COVID-19 vaccines: early success and remaining challenges

Authors:
Naor Bar-Zeev, Tom Inglesby
Date posted:
September 04, 2020
Publication type:
Commentary
Publication:
Lancet 2020 Sep 26;396(10255):868-869
Publisher:
Elsevier
DOI:
10.1016/S0140-6736(20)31867-5
See also:
Introduction:

In The Lancet, Denis Y Logunov and colleagues from the N F Gamaleya Research Institute of Epidemiology and Microbiology in Russia present findings from two phase 1/2, non-randomised, open-label studies of a heterologous, replication-deficient, recombinant adenovirus vector-based vaccine in both frozen and lyophilised formulations. The researchers enrolled 76 healthy adult volunteers (aged 18–60 years) into the two studies (38 people in each study); 53 (70%) participants were men and 23 (30%) were women. The primary outcome measures of the studies were safety and immunogenicity (antigen-specific humoral immunity). In phase 1 of each three-arm study, two groups of nine volunteers received one dose of either recombinant adenovirus type 26 (rAd26) vector or recombinant adenovirus type 5 (rAd5) vector, both carrying the gene for severe acute respiratory syndrome coronavirus 2 (SARS-CoV-2) spike glycoprotein (rAd26-S and rAd5-S), in lyophilised or frozen form. In phase 2, another group of 20 healthy adult volunteers in each study received sequential doses of rAd26-S followed by rAd5-S of one of the two formulations. Adverse events were mostly mild, with the most common adverse events being pain at injection site (44 [58%]), hyperthermia (38 [50%]), headache (32 [42%]), asthenia (21 [28%]), and muscle and joint pain (18 [24%]). Adverse events occurred at similar frequency for each vaccine vector, with each formulation, and after each dose. Serious adverse events did not arise in this small cohort. Both formulations of the vaccine were immunogenic in all participants, inducing neutralising humoral and cell-mediated responses. In phase 2, 85% of participants had detectable antibodies at 14 days after the priming dose, rising to 100% by day 21, with substantial titre rises after the boosting dose.

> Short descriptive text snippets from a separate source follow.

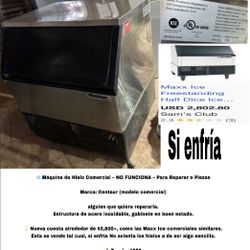 Máquina Para Hacer Hielo 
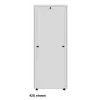 Intellinet tinklo spinta 19 inch laisvai pastatoma (Basic), 42U, 600x1000 mm, pilka, plokščia pakuotė, max 600 kg, vieno taško durų spyna, viena spyna šoniniam skydeliui, naudingas gylis 123–773 mm, IP20, plienas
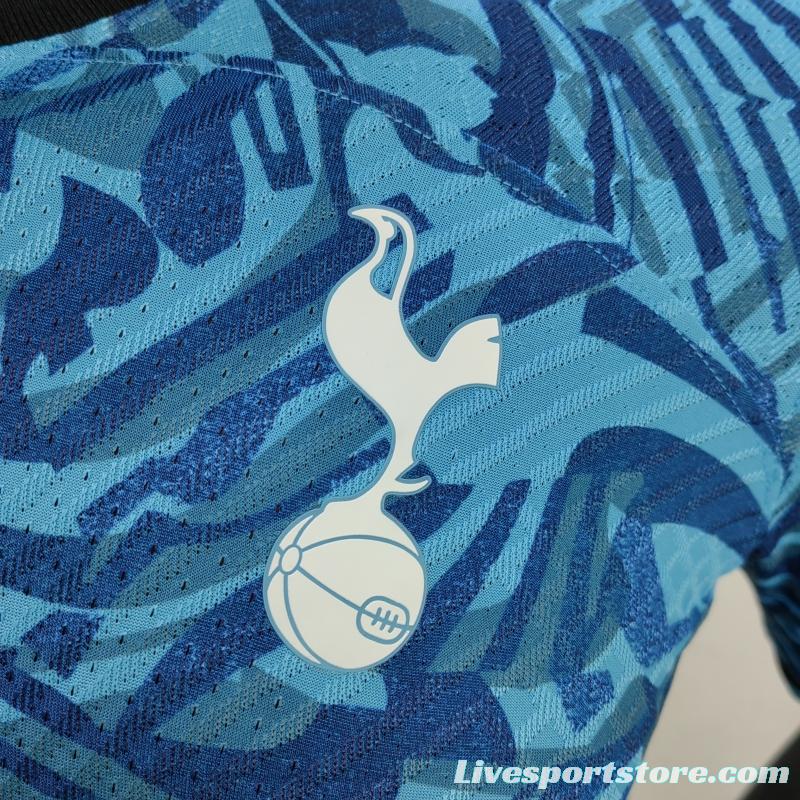 Player Version 22/23 Tottenham Hotspur Third Soccer Jersey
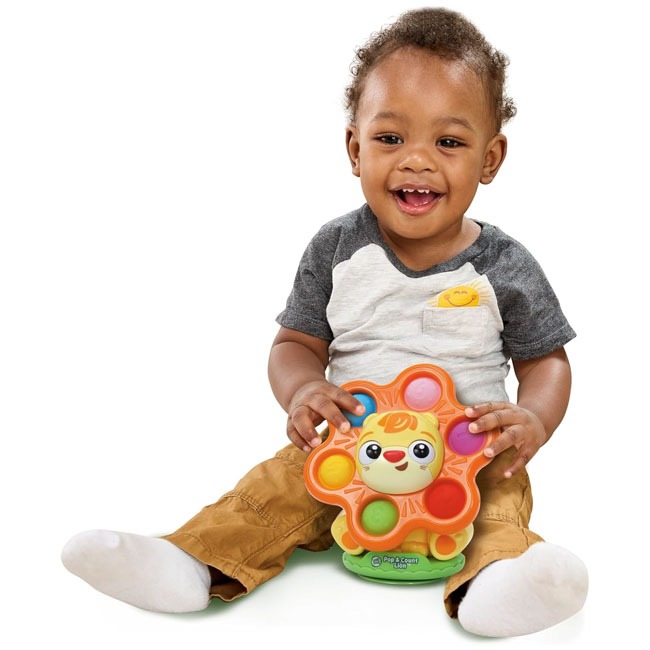 LEAPFROG  POP & COUNT LION TM  NON-ELECTRONIC(LFUK)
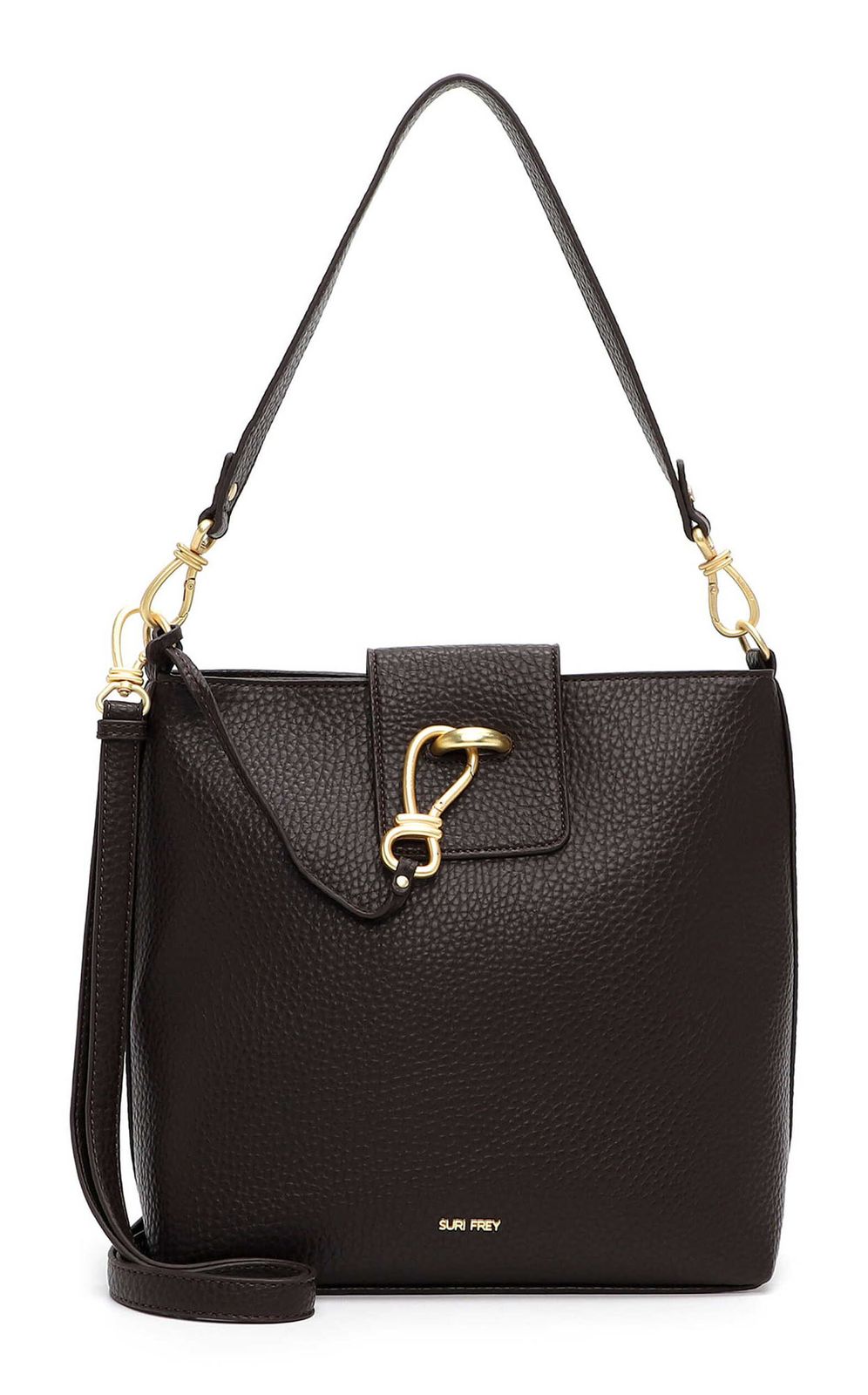 SURI FREY Mimmy SC Shoulder Bag L Brown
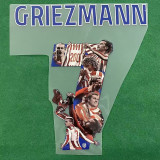 GRIEZMANN #7 ATM Home Fans Soccer Jersey 2025/26  ★★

The two studies by Logunov and colleagues have several strengths. First, adenoviruses are ubiquitous, so humans might not be immunologically naive. Previous immunity to the vector might interfere with adenovirus-vectored COVID-19 vaccine efficacy. Indeed, findings of an adenovirus type 5-vectored COVID-19 vaccine trial suggested such immunity could affect COVID-19 responses. In another study, a chimpanzee adenovirus vector was used, since humans will presumably be naive to at least the first dose.Logunov and colleagues used immunologically distinct (heterologous) vectors in their two-dose (prime-boost) regimen. They investigated cross-vector heterologous immunity and previous antivector adenovirus immunity, and neither affected COVID-19 immunogenicity.